Here we go, I have saved the best for last.
When you walk out of your home, leave the domain of your sanctuary, your little world and step out in to this vast world, the domain of the Kingdom of God – everything and everyone must be treated with a certain respect. When you leave your domain, everything you come in contact with, belongs to someone else!
This is the depth of the Sheva Mitzvos system of law.
Once we grasp this then we can understand the decree the Creator placed on Nineveh (see my blog, Nineveh a Lesson for America). Through this we become aware, that the Creator has been more upset with us over how we treat one another than just about any other sin.
The prohibitions of blasphemy and theft touches every detail of life and at plain sight, this is only two of seven.
By studying and observing the Sheva Mitzvos system of law you will develop a Kingdom mentality – you will be living within the will of the King and keeping the laws of His Kingdom.
11 thoughts on “Sheva Mitzvos A Kingdom Mentality”
No wonder I feel like you and I could really talk……you come from WWCOG. I used to listen to Herbie W., and we were members of COG International for several years. At the same time, my kids and I were exploring Messianism. They all went back to traditional Christianity, but I have dabbled on the fringes of all that for a long time. Hmmmm. Funny the paths our lives take.
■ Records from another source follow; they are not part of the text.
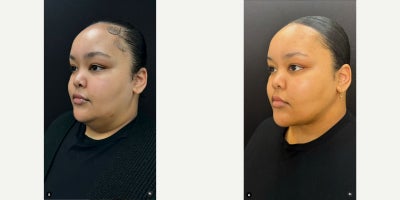 Renuvion before and after photo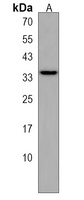 s1pr2 Rabbit Polyclonal Antibody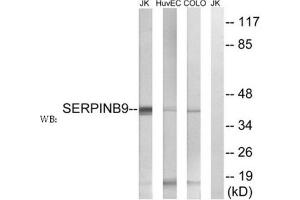 Western blot analysis of extracts from Jurkat cells, using SERPINB9 antibody. (SERPINB9 anticorps  (Internal Region))
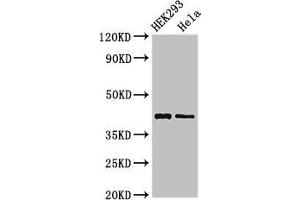 Western Blot Positive WB detected in: HEK293 whole cell lysate, Hela whole cell lysate All lanes: GALK1 antibody at 3 μg/mL Secondary Goat polyclonal to rabbit IgG at 1/50000 dilution Predicted band size: 43, 46 kDa Observed band size: 43 kDa (GALK1 antibody  (AA 23-164))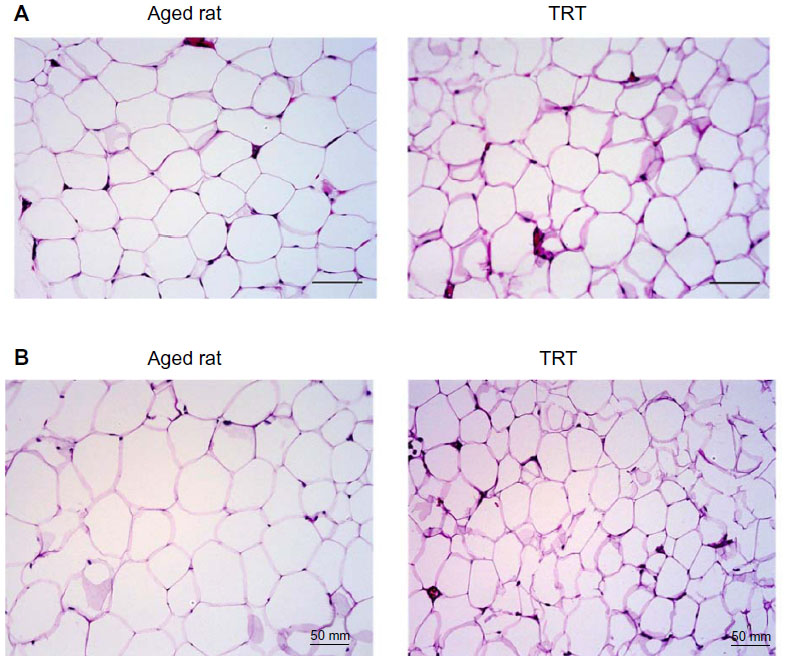 Testosterone replacement alters the cell size in visceral fat but not in subcutaneous fat in hypogonadal aged male rats as a late-onset hypogonadism animal model.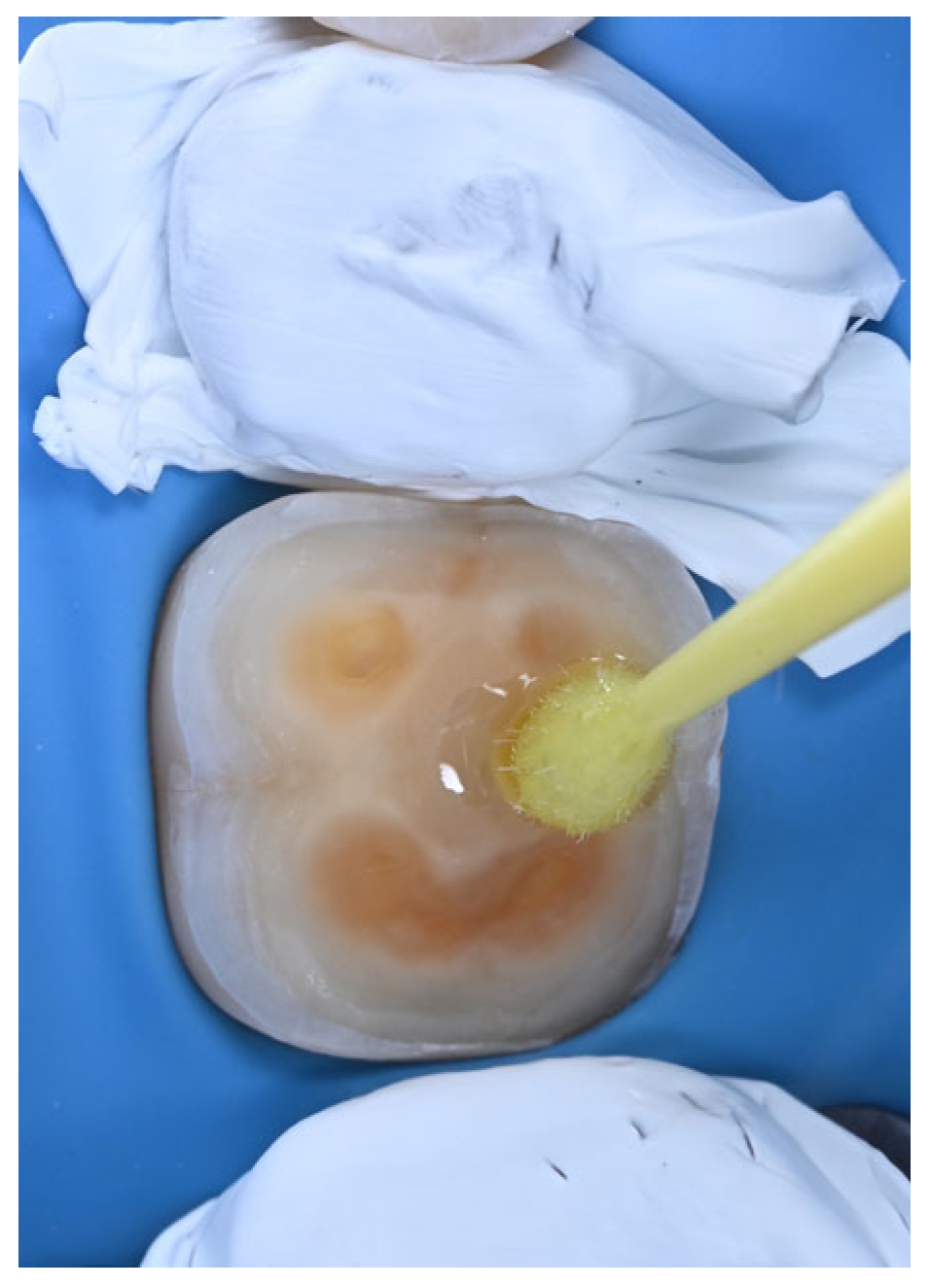 Dentistry 14 00281 g005 Dentistry 14 00281 g005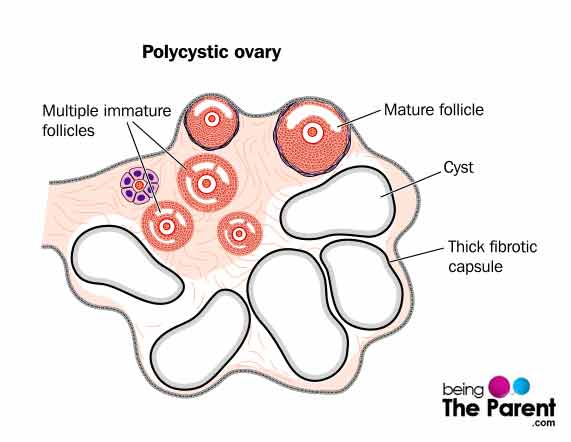 PCOS-Ovary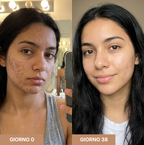 Stick Clinico per Cicatrici da Acne™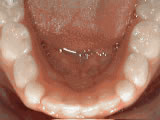 non braces treatment after non braces treatment after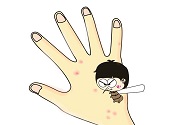 蚊子叮的包過幾天又癢是為什么？蚊子叮的包過幾天又癢怎么辦？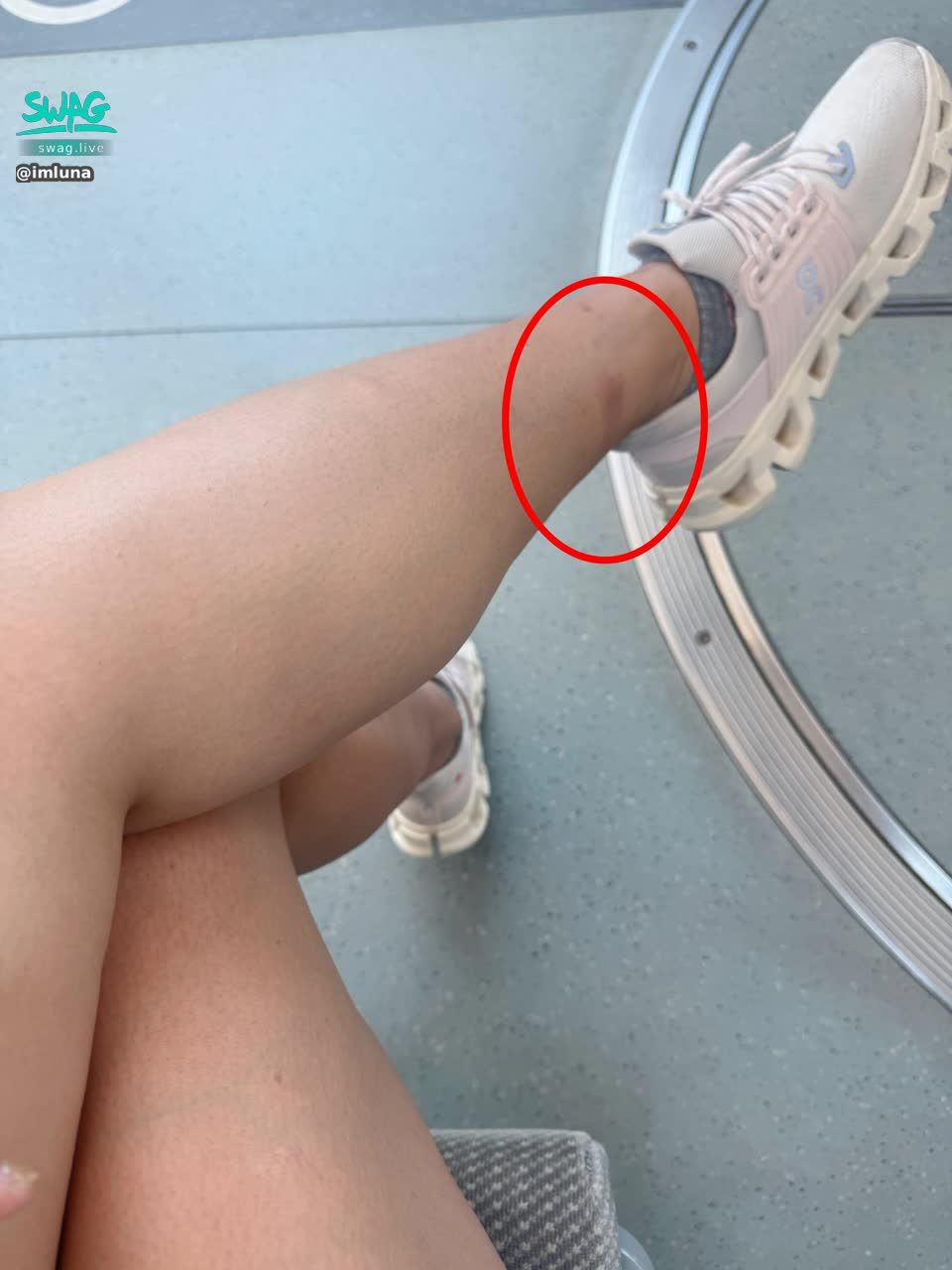 imluna : 牽車時撞一個超大力 超痛的啦😢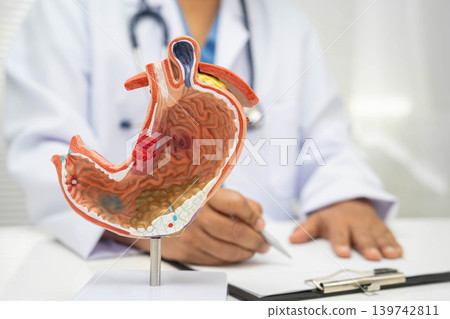 Stomach disease, doctor with anatomy model for study diagnosis and treatment in hospital. Stomach disease, doctor with anatomy model for study diagnosis and treatment in hospital. 139742811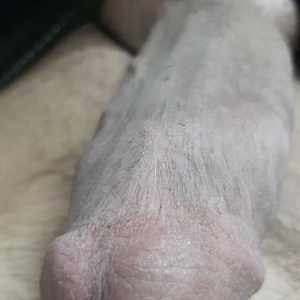 Post 95104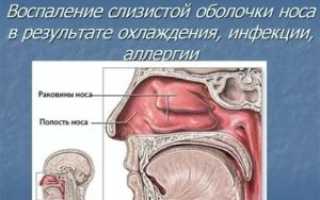 Воспаление слизистой оболочки носа лечение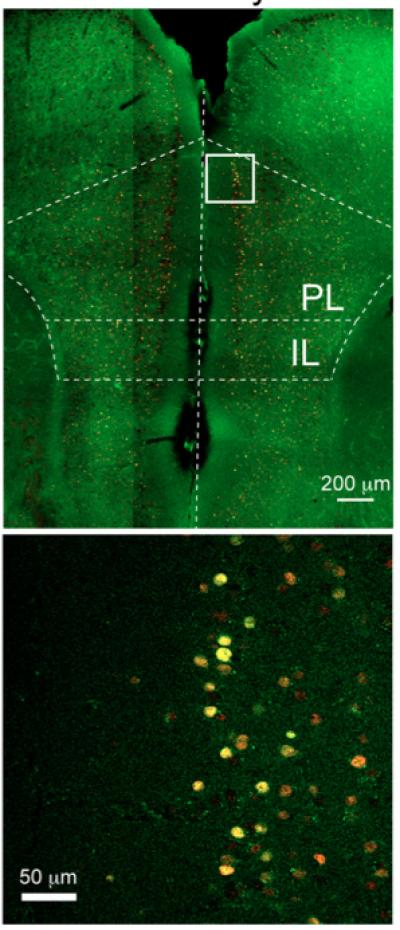 Neuron Hyperactivation in the Brain Leads to Depression
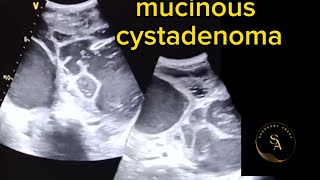 Ultrasound Imaging mucinous Cystadenoma [upl. by Geraldina13]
I agree that the prohibitions of blasphemy and theft include an obligation to respect others. I wish to add two things:
1) the primary reason for the prohibition of blasphemy is the obligation to fear and honor God.
2) Torah Law forbids transgender operations and gender altering hormone drugs. Whining about gender discrimination cannot change this.
I feel that the lack of ritual and assembly in being a Noahide often leads enquirers away from it. In the U.K we have no communities at all. It’s very isolated being Noahide here
Here has been my experience.
We too have experienced the loneliness factor as well. My wife and I both were very active in the churches we attended, I was once and assoc. pastor. After leaving the system, we experienced what I call a ‘worship void’. That can be very difficult for many people because they are used to the community the church offers.
On the other hand, if the life of being obedient to the commandment is treated like just another religion then yes, there is going to be a craving for some kind of assembly to replace the old one that you left. Then it becomes nothing more than another form of church hopping.
Our assembly is the people around us, the observance of the 7 Laws are not communal in nature, they are personal commands the Creator has given each of us. The communal part comes in how we treat those around us with the commandments being guide.
I hope to be touching more on this in my next blog.
I wonder why Reform and Conservative Judaism seems to have nothing to say about the 7 Laws ?
We are not to rely on anyone else to provide explanations of any part of Torah aside from Orthodox Rabbis.
Give a bit more explanation to your comment.
We are not to rely on anyone else to provide explanations of any part of Torah, whether for Jews or Gentiles, aside from accepted Jewish Torah scholars, for they alone, as students of the earlier Torah Sages, are the authorities who explain the Oral Torah. The accepted Jewish Torah scholars are the Jewish Sages and faithful Orthodox Rabbis, whose responsa and teachings may be cited by laypersons (the Divine Code by Rabbi Moshe Weiner, Ask Noah International, 2011, p 28).
I figured that was what you were referring to. However I am not sure why you brought this up on this blog, if it is about the quote I used from the book ‘The Theory & Practice of the Universal Ethics – The Noahide laws, it’s author is a respected rabbi in Australia and the book has the approval of Rabbi Moshe Weiner and he has an approbation letter in the book.
You seem to have misunderstood me. I commented on Keith Chopping’s wondering about Reform and Conservative Judaism by explaining that we need to rely on Orthodox Rabbis.
OK, my bad, I was checking from my phone and did not notice that.